Re: Experimenting with hash join prefetch

Thomas Munro-5
In reply to this post by Andrey Borodin-2
On Sun, Oct 14, 2018 at 11:11 PM Andrey Borodin <[hidden email]> wrote:

> > 14 окт. 2018 г., в 9:18, Thomas Munro <[hidden email]> написал(а):
> >
> > +               /* Prefetch the bucket for the next key */
> > +               uint32 next_hash = hash_uint32(DatumGetInt32(keyval) + 1);
> > +               uint32 next_bucket = next_hash % hashtable->nbuckets;
> > +               __builtin_prefetch(&hashtable->buckets.unshared[next_bucket]);
>
>
> +1, I also think that we should use __builtin_prefetch these days (years, actually).
> Exactly after listening Anastassia Ailamaki's (author of referenced paper) talk on VLDB I've proposed to do that for B-tree [0], but did not really pursuit that idea.
The above was obviously just a hard-coded hack that "knew" the next
key would be n + 1.  I've been wondering how you might abstract real
look-ahead with the shiny new TupleTableSlot design.  Here's a concept
I came up with: ExecScrollSlot(slot, 1) -> bool, to try to look ahead
to the next tuple if possible.  I suppose there could be a kind of
scrolling that actually consumes tuples (for true batch-mode tuple
processing in tight inner loops, for example hash table build), and
scrolling that merely peeks ahead (what I'm describing so far).  I'm
keen to hear other ideas about how that could look, because I know
that "vector" and "batch" mode tuple processing are ideas that people
have been bouncing around for a while.  Flame away.

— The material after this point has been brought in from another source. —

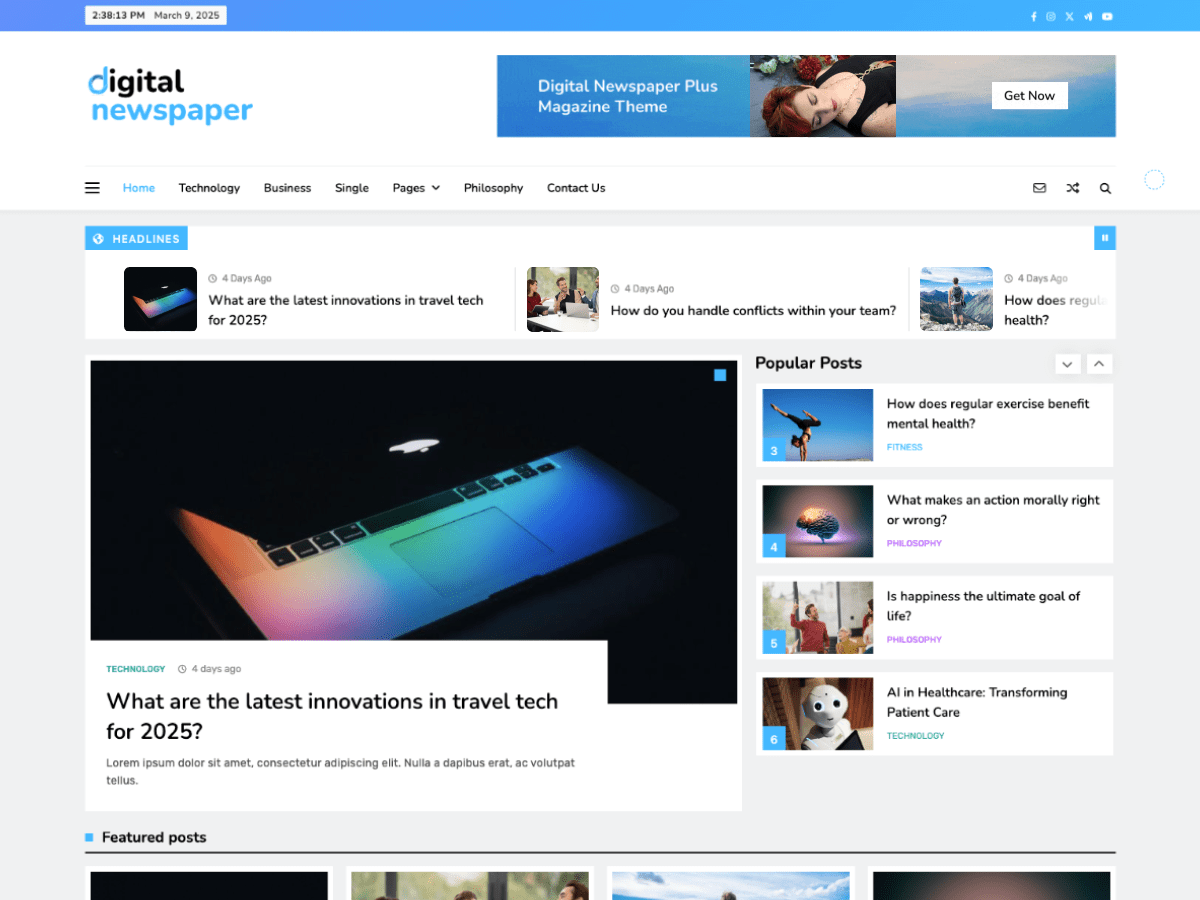 Digital Newspaper Plus theme screenshot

POC patch attached.  I never got around to figuring out why it breaks
anti-joins (hence some regression test failures) or filling out
various other important details (see commit message for a list), but I
figured it was better on the mailing list than hiding in a drawer,
anyway.

Here is an example of times for a trivial join on my laptop.  Note
that this is prefetching only the probing phase, not while building
which should also be possible.  I didn't get around to trying deeper
prefetch pipelines as discussed earlier, but those seemed to produce
diminishing returns with hardcoded tests like in the earlier message.

shared_buffers = '3GB'

create table r as select generate_series(1, 40000000)::int i;
create table s as select generate_series(1, 10000000)::int i;
analyze;

set max_parallel_workers_per_gather = 0;
set work_mem = '2GB';
select pg_prewarm('r'::regclass);
select pg_prewarm('s'::regclass);

select count(*) from r join s using (i);

Master:  00:14.230
Patched: 00:11.818


--
Thomas Munro
https://enterprisedb.com

0001-Experimental-ExecScrollSlot-for-hash-join-prefetch.patch (21K) Download Attachment
Reply | Threaded
Open this post in threaded view
|

Re: Experimenting with hash join prefetch

Robert Haas
On Wed, Apr 10, 2019 at 2:10 AM Thomas Munro <[hidden email]> wrote:
> Here is an example of times for a trivial join on my laptop.  Note
> that this is prefetching only the probing phase, not while building
> which should also be possible.  I didn't get around to trying deeper
> prefetch pipelines as discussed earlier, but those seemed to produce
> diminishing returns with hardcoded tests like in the earlier message.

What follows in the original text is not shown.